“Fine pena mai”. E’ questa la logica che sta dietro alle parole di Giulia Bongiorno, femminista di “destra” (quelle di “sinistra” non sono meno forcaiole, anzi…), naturalmente fondata sul postulato che la storia dell’umanità null’altro sia se non la storia dell’oppressione e della discriminazione del genere femminile da parte di quello maschile.
Lei non può dirlo, ovviamente, ma il significato del suo messaggio è quello. Una colpa inestinguibile, quella appunto dell’oppressione maschile tout court di tutti gli uomini su tutte le donne (secondo l’interpretazione femminista della storia, sposata trasversalmente e universalmente da tutte le correnti politiche e culturali ed elevata a Verità Assoluta e Incontestabile), che genera a sua volta un debito e un credito inestinguibili.
Che le colpe (vere o presunte…) dei padri ricadano dunque sui figli. Che si facciano pure leggi “spudoratamente” sbilanciate in favore delle donne” (e quindi discriminatorie nei confronti degli uomini, sempre se la logica non è acqua fresca…) – come dichiara la stessa Bongiorno. E che si fotta pure il principio di irretroattività delle leggi.

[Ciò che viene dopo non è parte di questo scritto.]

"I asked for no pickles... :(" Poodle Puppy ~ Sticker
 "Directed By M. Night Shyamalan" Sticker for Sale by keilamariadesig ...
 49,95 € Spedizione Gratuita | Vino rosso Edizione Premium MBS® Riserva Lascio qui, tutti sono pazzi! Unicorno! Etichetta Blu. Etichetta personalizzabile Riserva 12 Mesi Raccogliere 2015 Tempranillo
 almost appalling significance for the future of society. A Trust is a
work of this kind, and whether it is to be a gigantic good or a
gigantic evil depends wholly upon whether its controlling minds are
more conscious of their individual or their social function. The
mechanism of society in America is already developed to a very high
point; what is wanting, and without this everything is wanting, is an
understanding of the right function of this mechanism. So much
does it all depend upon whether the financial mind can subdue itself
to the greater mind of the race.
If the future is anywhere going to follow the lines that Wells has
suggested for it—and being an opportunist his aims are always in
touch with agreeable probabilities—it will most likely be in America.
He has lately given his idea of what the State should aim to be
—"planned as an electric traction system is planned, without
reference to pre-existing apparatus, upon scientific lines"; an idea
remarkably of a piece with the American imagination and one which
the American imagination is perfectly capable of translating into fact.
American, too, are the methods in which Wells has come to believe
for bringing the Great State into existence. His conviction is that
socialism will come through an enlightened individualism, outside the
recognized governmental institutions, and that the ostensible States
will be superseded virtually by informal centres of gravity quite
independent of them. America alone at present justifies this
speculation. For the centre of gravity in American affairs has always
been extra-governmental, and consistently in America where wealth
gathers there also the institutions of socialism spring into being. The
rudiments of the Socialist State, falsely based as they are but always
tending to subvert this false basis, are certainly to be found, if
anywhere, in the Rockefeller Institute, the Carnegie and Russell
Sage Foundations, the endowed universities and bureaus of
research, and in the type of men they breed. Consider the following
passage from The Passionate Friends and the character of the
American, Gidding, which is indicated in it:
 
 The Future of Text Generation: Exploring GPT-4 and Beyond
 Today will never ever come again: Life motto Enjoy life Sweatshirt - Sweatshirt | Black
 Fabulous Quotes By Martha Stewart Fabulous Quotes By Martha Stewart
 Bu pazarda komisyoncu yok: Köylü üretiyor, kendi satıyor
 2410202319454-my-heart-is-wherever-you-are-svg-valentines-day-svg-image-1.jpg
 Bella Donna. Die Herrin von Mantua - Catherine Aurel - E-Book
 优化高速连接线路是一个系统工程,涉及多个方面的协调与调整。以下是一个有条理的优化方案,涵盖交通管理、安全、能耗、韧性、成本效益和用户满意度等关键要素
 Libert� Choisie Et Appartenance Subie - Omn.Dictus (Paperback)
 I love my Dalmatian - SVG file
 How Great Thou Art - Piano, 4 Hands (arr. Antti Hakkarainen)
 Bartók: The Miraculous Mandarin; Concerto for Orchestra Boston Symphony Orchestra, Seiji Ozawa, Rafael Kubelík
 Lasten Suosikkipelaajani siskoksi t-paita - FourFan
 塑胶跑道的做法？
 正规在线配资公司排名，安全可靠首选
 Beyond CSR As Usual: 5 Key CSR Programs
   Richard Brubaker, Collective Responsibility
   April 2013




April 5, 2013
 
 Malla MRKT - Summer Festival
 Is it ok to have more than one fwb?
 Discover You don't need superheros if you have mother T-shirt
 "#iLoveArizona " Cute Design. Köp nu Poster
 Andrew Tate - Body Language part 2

Se lo dice un’ esperta di diritto come la Bongiorno possiamo stare tranquilli.
Qualcuno (anche autorevoli pensatori) ha sostenuto che il fascismo sia ormai morto da tempo. Io non lo penso affatto (lo penso per il ventennio mussoliniano) e credo anzi che esso si riprensenti di volta in volta nella storia in forme a volte tradizionali (come ad esempio sta avvenendo in questi anni recenti in Ucraina e in altri paesi europei dove sono cresciuti movimenti xenofobi e/o razzisti) e altre volte (sempre più spesso) in forme differenti e molto più sofisticate perchè abilmente camuffate. Pasolini ad esempio definiva il consumismo e la mercificazione capitalista come una nuova forma di fascismo, a sua detta ancora più pericolosa perchè molto più potente nella sua capacità di penetrare in profondità nella sfera psichica delle persone e di condizionarla.
Il femminismo sessista e interclassista camuffato da ideologia di liberazione è senz’altro una di quelle. E anche una fra le più sofisticate e subdole.